By IANS,
Kuala Lumpur : Ethnic Indian politician S. Samy Vellu will be Malaysia’s special envoy to promote infrastructure projects in India and four other South Asian nations, Prime Minister Najib Tun Razak has announced.
The appointment, which carries a ministerial rank, will be effective from Jan 1.
Najib made the announcement Sunday evening during the launch of a biography on Vellu, praising him for his work among the country’s 2.1 million Indian community.
Vellu, 74, stepped down after 31 years as president of the Malaysian Indian Congress (MIC), the country’s largest and oldest Indian-based political party.
MIC is part of the ruling alliance Barisan Nasional that is headed by Najib. It has had ministers in all governments since Malaysia became independent in 1957.
Vellu was a long-time minister till he lost the parliamentary elections in 2008.
Praising Vellu, Najib said he “is one of the most colourful politicians in the country’s history and it will be difficult to find another like him”.
“I am not sure in 1,000 years that we will have another Datuk Seri Samy Vellu. He has a unique style. Whenever he says something, it is not what he says, but how he says it,” The Star newspaper Monday quoted the prime minister as saying.

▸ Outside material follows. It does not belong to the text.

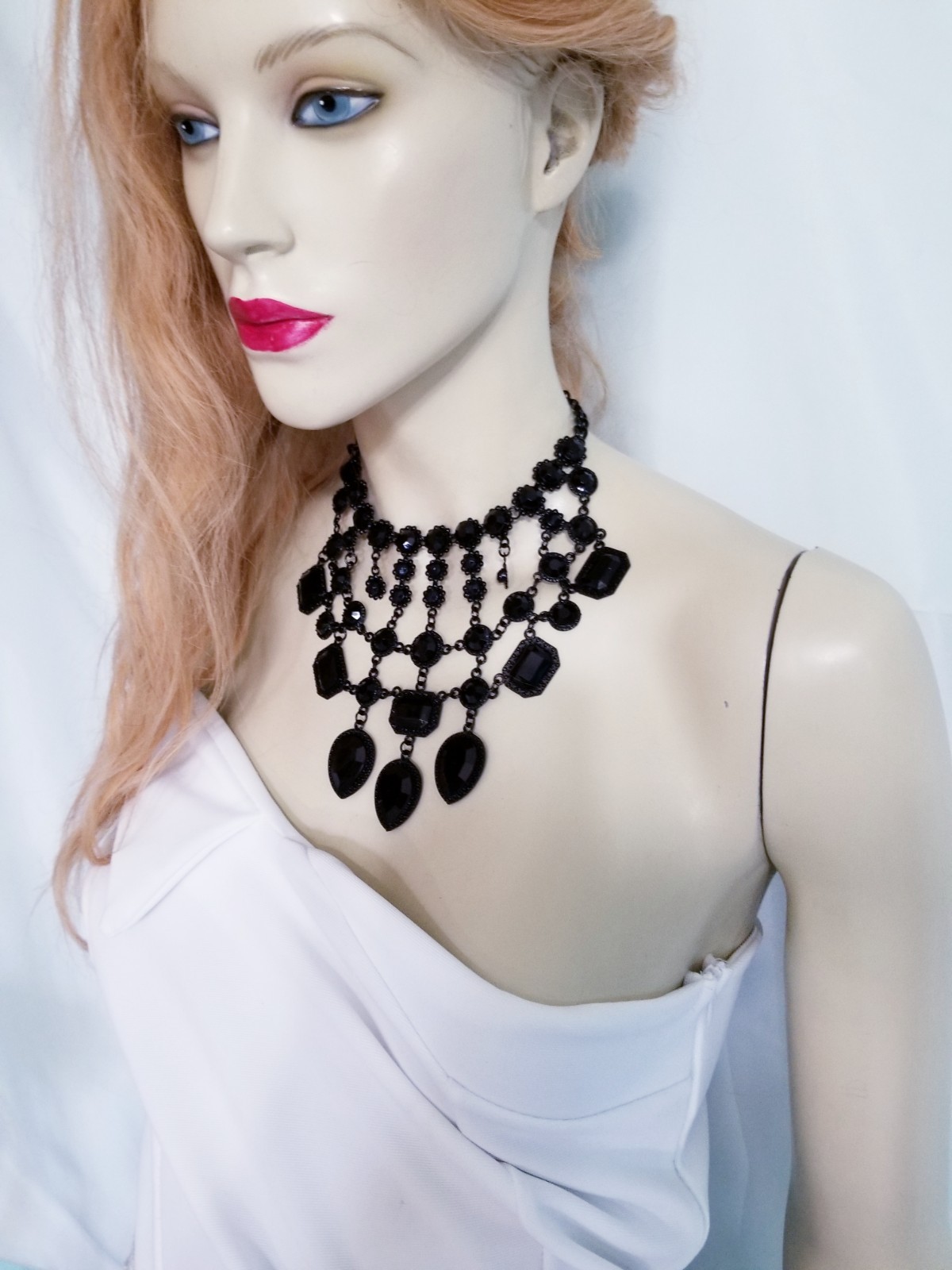 Black Statement Choker Rhinestone Resin Necklace Bridal Prom Pageant Gothic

Najib said Samy Vellu had made immense contributions to the development of the party, Indian community and the country.
He saluted Vellu for being a “true Malaysian patriot and Barisan (Nasional) leader”, agreeing with new MIC president G. Palanivel that Samy Vellu’s contributions were too exhaustive to list.

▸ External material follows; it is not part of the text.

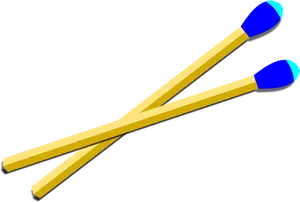 Wooden matches with blue tip vector drawing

On the MIC that badly lost the 2008 election, Najib said it was on its way to a full political recovery, and urged party leaders to work hard to strengthen it, work with non-governmental organisations and place party unity above everything else.
In his biography, “A Life. A Legend. A Legacy”, written by award-winning Malaysian Indian author Bernice Narayanan, Vellu reveals how he tried in vain to stop the demolition of a Hindu temple in 2007, which the author says sowed the seeds of a revolt against the party.
Vellu says he had pleaded with the “powers-that-be” at that time to stop the demolition of the Sri Maha Mariamman temple in Padang Jawa, Shah Alam, just three days before Deepavali.
“That incident paved the way for an uprising of the Indian community,” the author said in the book, referring to the now banned Hindraf movement, which some political observers believe led many Indians into voting against the Barisan Nasional in the 2008 general election, the newspaper said.